The more the online juggernaut expanded its presence in Seattle, the more it kept drawing my attention.

In 2012, I said goodbye to the old Troy Laundry Building in South Lake Union with a sketch in which I couldn’t miss the opportunity to include the Amazon building nearby (Arizona). The laundry’s historical brick-and-terracotta facade was preserved, but the site — and many others in the neighborhood — is now home to another Amazon building (Houdini). In 2015, I went to University Village to draw Amazon’s first brick-and-mortar store — Amazon Books. The construction of the Spheres and the opening of the first Amazon Go store also caught my eye in the following years.

But Amazon’s growth wasn’t the only force that brought visible changes to our city’s landscape over the past 10 years.

The demolition of the Alaskan Way Viaduct (can you believe it actually started in 2011?) is finally complete, a bigger, bulkier 520 bridge now floats over Lake Washington, and light rail extended north, reaching Capitol Hill and the University of Washington. Speaking of transit, an important site in Seattle’s transportation history, the old downtown bus station, was razed and replaced with the largest hotel in the Northwest. I heard travelers’ stories and sketched the bus station in 2013.

New skyscrapers have also dramatically altered the city skyline. If you visit the Starbucks in the Columbia Center sky lobby, you can see one of them up close, the sharp-edged F5 Tower. Blocks away, the new, L-shaped Rainier Square has already been topped, becoming the second-highest building in the city after the Columbia Center. Such tall buildings sure make Seattle feel more like New York City every day. High-rises are also popping up in upzoned neighborhoods. Have you noticed the M Seattle in the University District?

The scene at the street level isn’t the same either. Fancy food trucks, for example, were a rare sight in 2010 — remember “Maximus/Minimus,” the sci-fi-meets-steampunk-era truck that served pulled-pork sandwiches? These days, plenty of colorful trucks offering every possible international flavor can be seen downtown during lunch hour. Moving about the city has also become more complex. Not a day goes by in which I don’t see someone zipping around on a self-powered electric scooter (aka “e-rideables”) or riding one of those free-floating shared bikes that sometimes end up being dropped in the unlikeliest places.

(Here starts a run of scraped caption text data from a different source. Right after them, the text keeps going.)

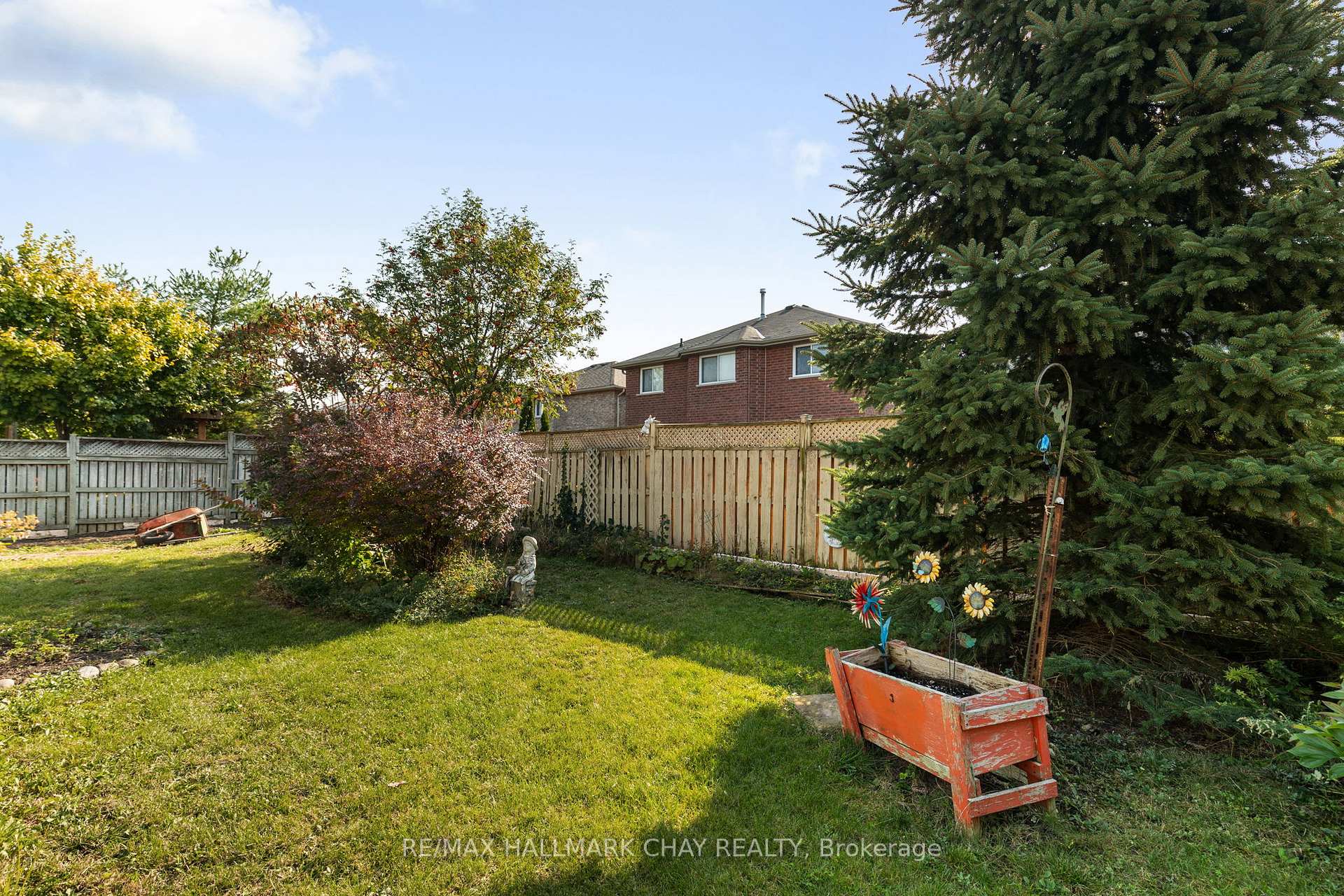 Photo 34 of 119 Livingstone Street E, Barrie, East Bayfield — HOMEH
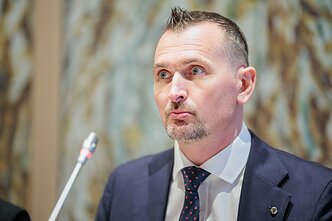 Spaudos konferencija, skirta pristatyti naujas teisėsaugos priemones kovai su sukčiais. Spaudos konferencija, skirta pristatyti naujas teisėsaugos priemones kovai su sukčiais.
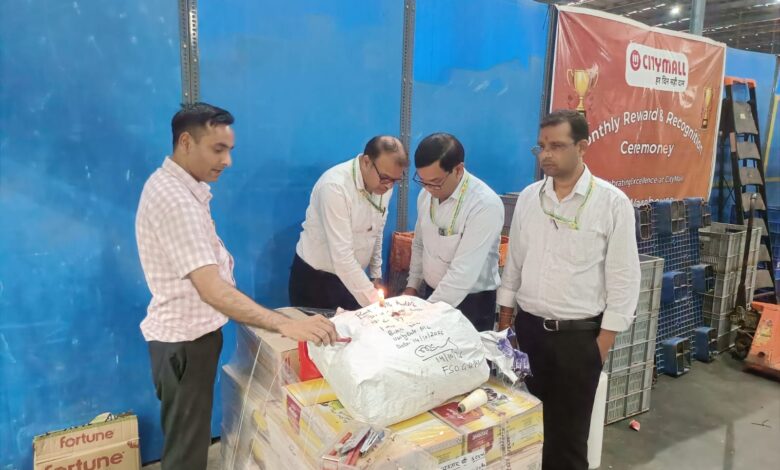 छह खाद्य पदार्थों के नमूने लैब भेजे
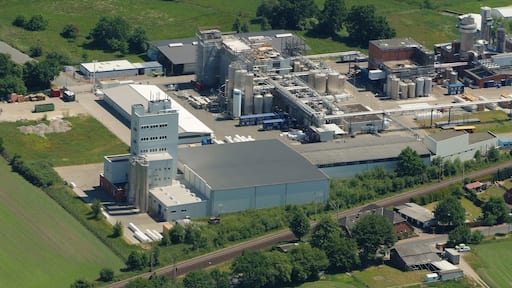 Reagens-Werk in Loxstedt Fotoflug vom Flugplatz Nordholz-Spieka über Cuxhaven und Wilhelmshaven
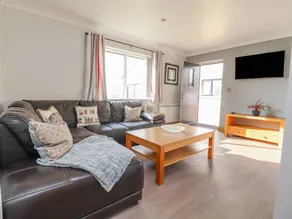 Cottage with garden | Beach view - Image 4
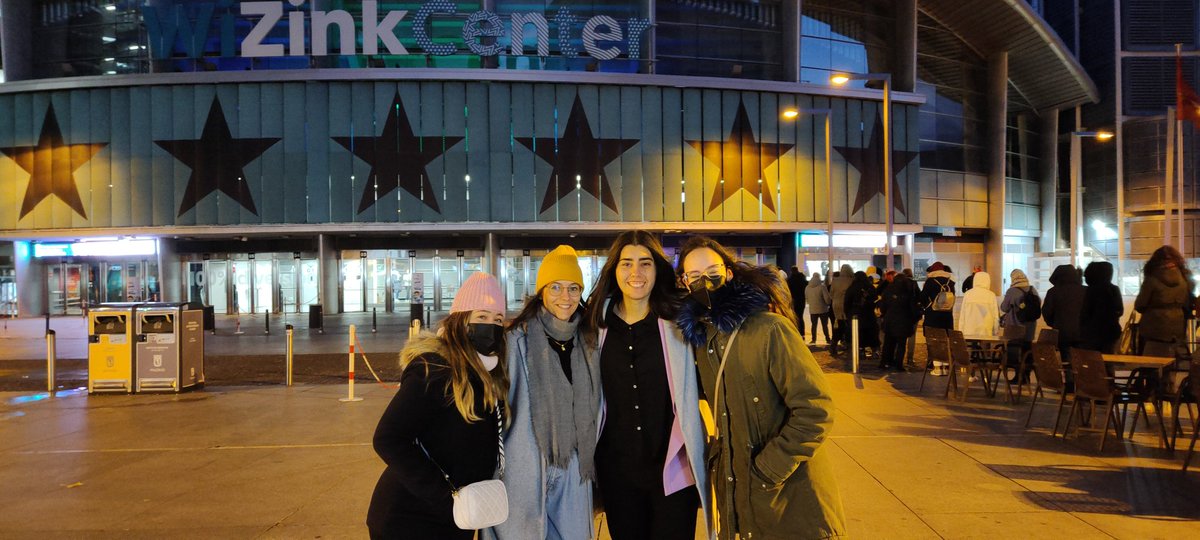 CenamorNoelia's tweet photo. Disfrutando de la música con mi familia y la familia que me ha dado Pablo ❤️ Gracias a todas las personas con las que me reencontré ayer y a las que conocí por formar parte de ese día inolvidable. Nos vemos pronto en más concis! La magia insiste ✨🦄 https://t.co/RPpwbsICwF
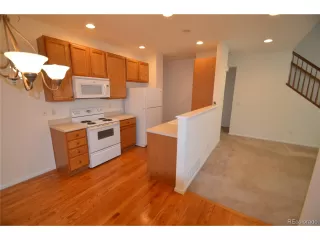 Photo #6: 4248586 Listing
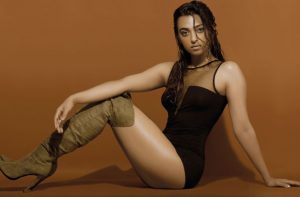 Actress Radhika Apte HD Photo Shoot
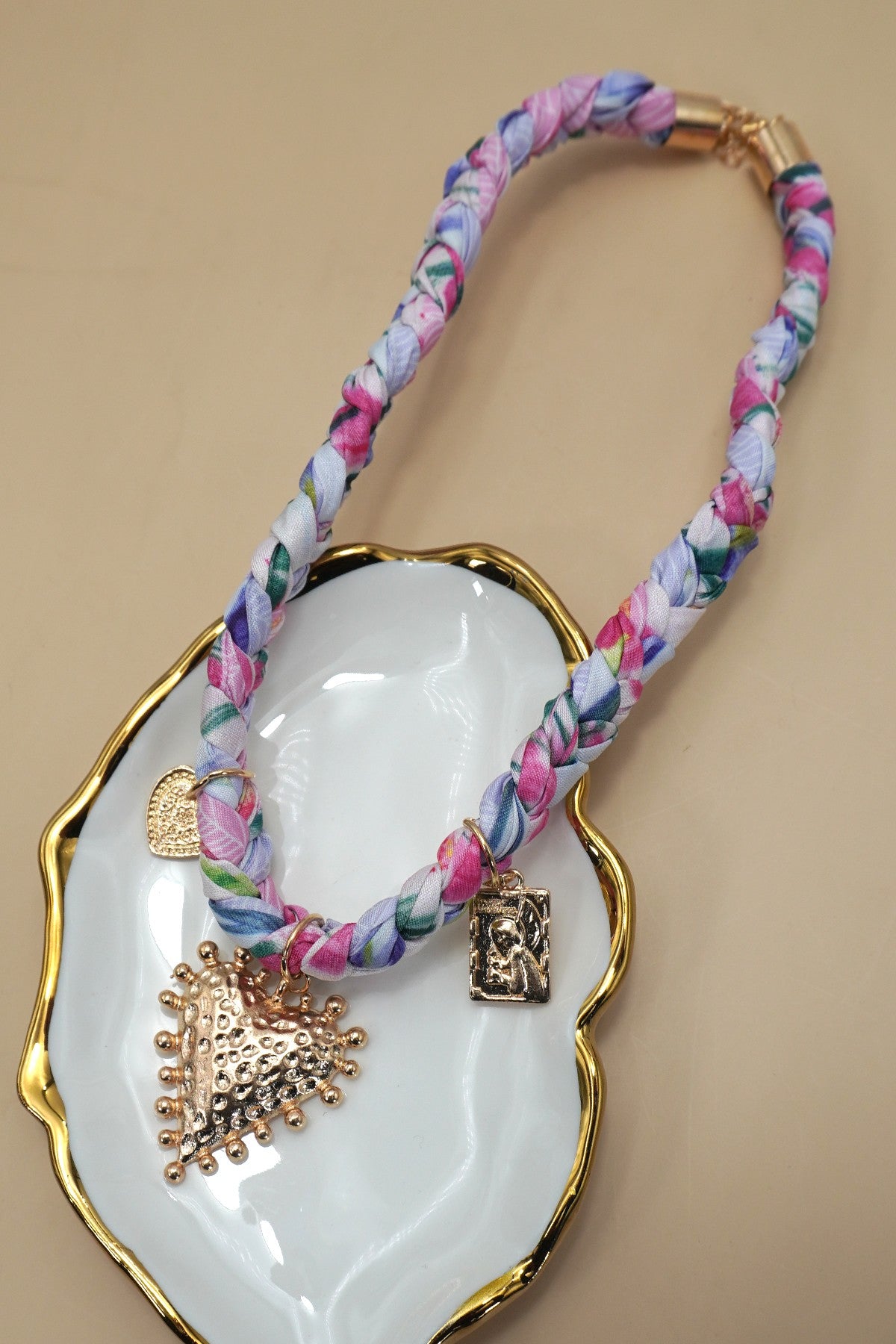 18K STAINLESS STEEL SCARF CHARM NECKLACE | 40NK9556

So much has changed in 10 years, it’s easy to say that Seattle is unrecognizable. Yet everyone I’ve come across as I sketched around the region remains fiercely proud of this place we call home. I never saw a bigger display of Seattle civic pride than when the Seahawks paraded through the city to celebrate their first Super Bowl title in 2014. Now that playoff season is around the corner, I can’t think of a better way to start the 2020s than with a repeat of that joyful moment.